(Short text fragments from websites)
------------------------------------------------

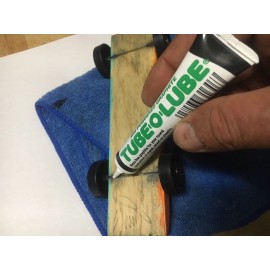Tube O Lube PINEWOOD DERBY FASTEST PURE DRY GRAPHITE TUBE O LUBE .21 OZ TUBE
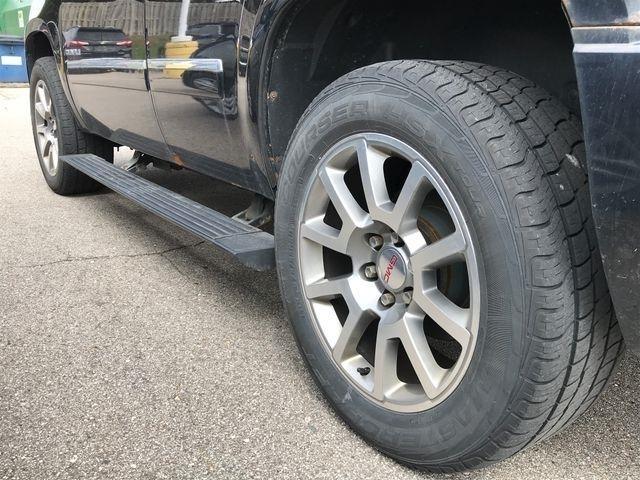 GMC Yukon Denali 4WD 2012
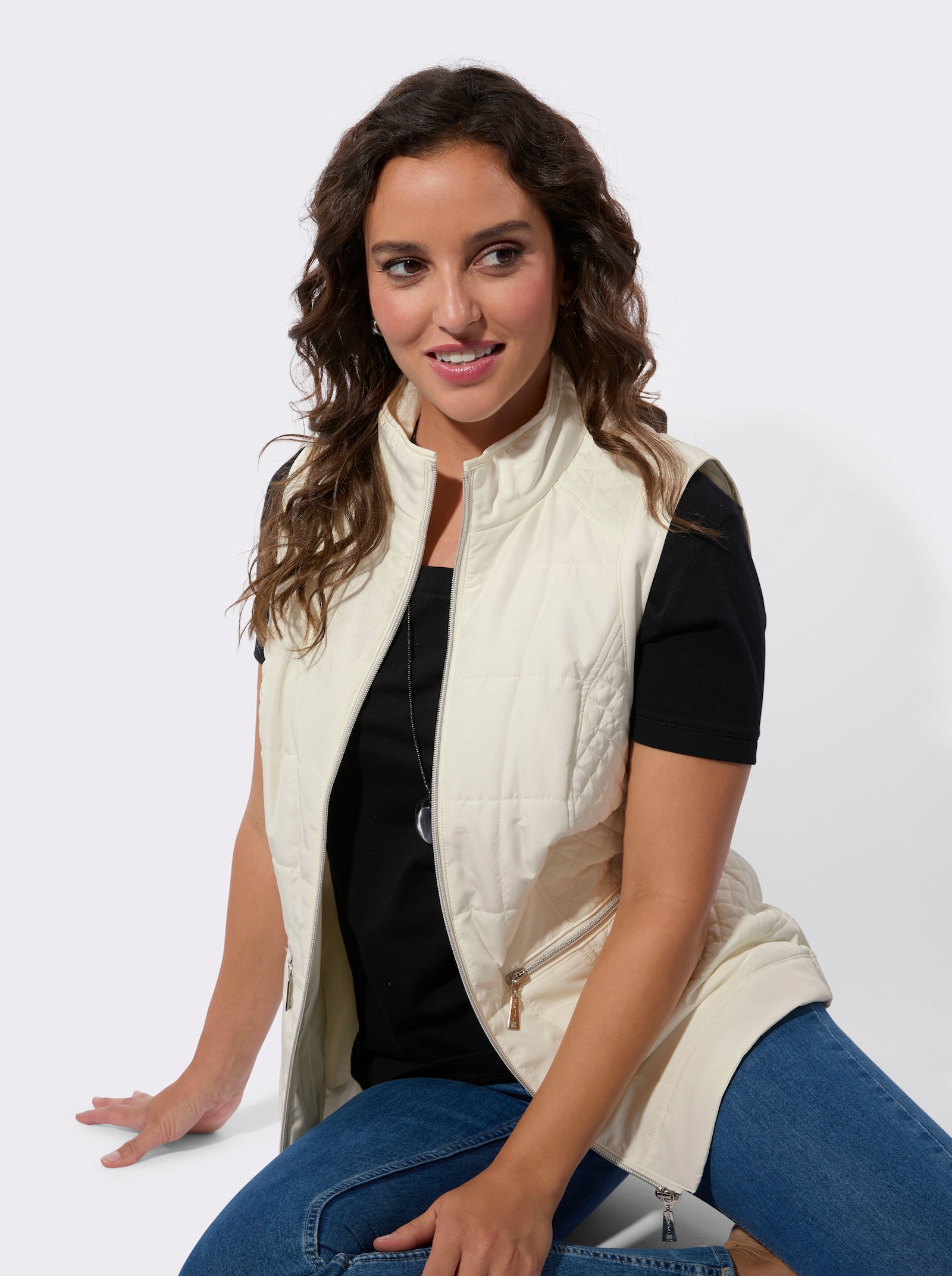 Steppweste mit hohem Stehkragen - ecru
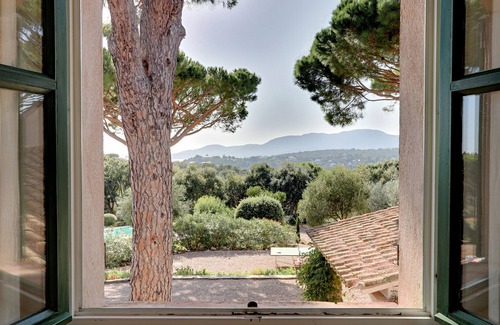 La Croix-Valmer House | PROMO A totally unspoilt corner of paradise on the Saint Tropez peninsula
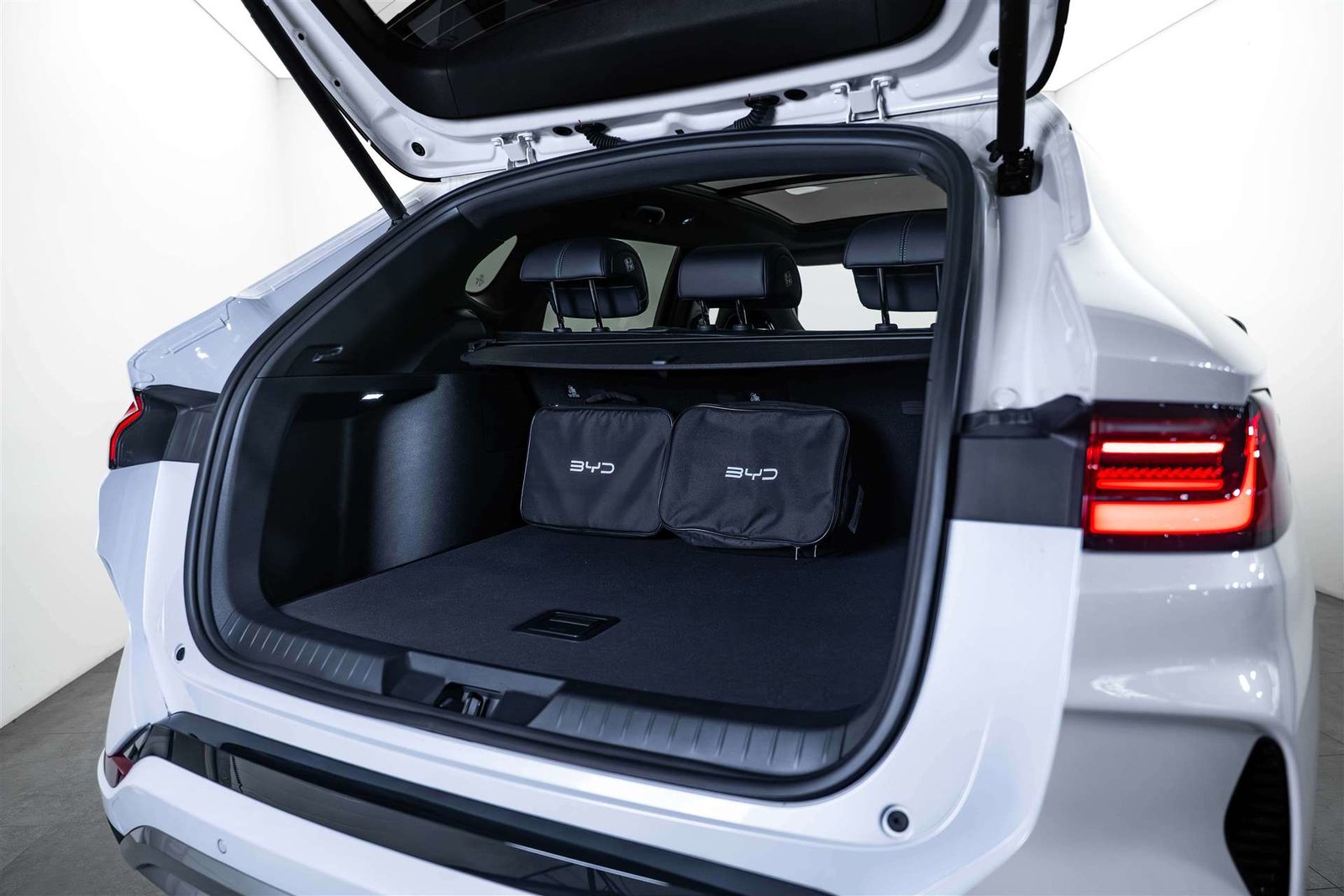 BYD Seal U DM-i PHEV Design AWD 324PS Automat, Plug-in-Hybrid Petrol/Electric, New car, Automatic - 5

------------------------------------------------

Your goal:
Print every entry above again without changing a word, and omit the pictures.

Expected answer:
Tube O Lube PINEWOOD DERBY FASTEST PURE DRY GRAPHITE TUBE O LUBE .21 OZ TUBE
 GMC Yukon Denali 4WD 2012
 Steppweste mit hohem Stehkragen - ecru
 La Croix-Valmer House | PROMO A totally unspoilt corner of paradise on the Saint Tropez peninsula
 BYD Seal U DM-i PHEV Design AWD 324PS Automat, Plug-in-Hybrid Petrol/Electric, New car, Automatic - 5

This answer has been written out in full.